Die gek is dus net bijna over onze spelende dochters gestruikeld. Mijn hart zit in mijn keel, want zijn twee meter -inclusief imposante bierbuik- had serieuze schade kunnen toebrengen aan mijn kleine meisjes.
Die middag kwamen we aan in het resort van de toen al ladderzatte eigenaar. Omdat in zijn resort geen eten te krijgen is waren wij genoodzaakt een restaurant in de omgeving te zoeken. Er is gelukkig genoeg keus in dit lieflijke Costa Ricaanse kustplaatsje, maar wat een pech dat we van al die restaurants dezelfde kozen als de dronkenlap waar we de komende drie nachten een huisje van huren.
De resort-eigenaar is zich niet bewust van het bijna-ongeluk, maar zwalkt zich een weg naar de bar van het restaurant. Ik ben blij dat hij ons niet herkent, want zin in een praatje heb ik totaal niet.
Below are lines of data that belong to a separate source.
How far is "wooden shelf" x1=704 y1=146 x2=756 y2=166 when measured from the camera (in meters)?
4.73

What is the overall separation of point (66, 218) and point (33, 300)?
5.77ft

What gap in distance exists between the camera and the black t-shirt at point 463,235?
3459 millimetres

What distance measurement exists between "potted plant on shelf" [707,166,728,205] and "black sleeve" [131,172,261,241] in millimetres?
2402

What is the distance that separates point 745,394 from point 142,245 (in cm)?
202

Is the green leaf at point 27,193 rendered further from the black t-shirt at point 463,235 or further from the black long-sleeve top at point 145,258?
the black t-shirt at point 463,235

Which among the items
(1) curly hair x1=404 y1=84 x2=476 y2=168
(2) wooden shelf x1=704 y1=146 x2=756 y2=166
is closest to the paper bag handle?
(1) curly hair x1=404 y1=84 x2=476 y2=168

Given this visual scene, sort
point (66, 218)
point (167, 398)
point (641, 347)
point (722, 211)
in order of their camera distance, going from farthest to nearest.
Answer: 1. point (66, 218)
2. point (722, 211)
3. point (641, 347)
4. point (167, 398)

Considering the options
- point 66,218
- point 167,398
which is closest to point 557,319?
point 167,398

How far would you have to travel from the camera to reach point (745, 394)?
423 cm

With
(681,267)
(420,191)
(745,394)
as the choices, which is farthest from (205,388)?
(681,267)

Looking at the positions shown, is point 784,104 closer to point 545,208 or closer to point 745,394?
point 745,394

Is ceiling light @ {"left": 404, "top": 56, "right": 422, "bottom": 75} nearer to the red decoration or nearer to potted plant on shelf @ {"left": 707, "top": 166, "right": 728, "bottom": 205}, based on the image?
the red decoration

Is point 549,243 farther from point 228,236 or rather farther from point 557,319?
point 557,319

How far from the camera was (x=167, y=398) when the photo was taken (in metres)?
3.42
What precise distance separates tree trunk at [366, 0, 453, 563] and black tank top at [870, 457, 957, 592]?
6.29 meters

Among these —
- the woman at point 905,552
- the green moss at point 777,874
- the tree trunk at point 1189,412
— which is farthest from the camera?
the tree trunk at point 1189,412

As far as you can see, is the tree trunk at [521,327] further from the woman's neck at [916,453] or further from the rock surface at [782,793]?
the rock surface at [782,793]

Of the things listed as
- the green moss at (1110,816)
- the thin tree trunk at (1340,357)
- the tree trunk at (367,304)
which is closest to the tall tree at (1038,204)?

Het personeel van het restaurant kent hem en lijkt zich door hun ongemak heen te lachen, en in de ogen van zijn hond -die hij al de hele tijd kort aan de riem heeft – lijk ik plaatsvervangende schaamte te bespeuren.
‘Heb je de reviews van zijn resort eigenlijk gelezen?’ vraag ik aan Marcel.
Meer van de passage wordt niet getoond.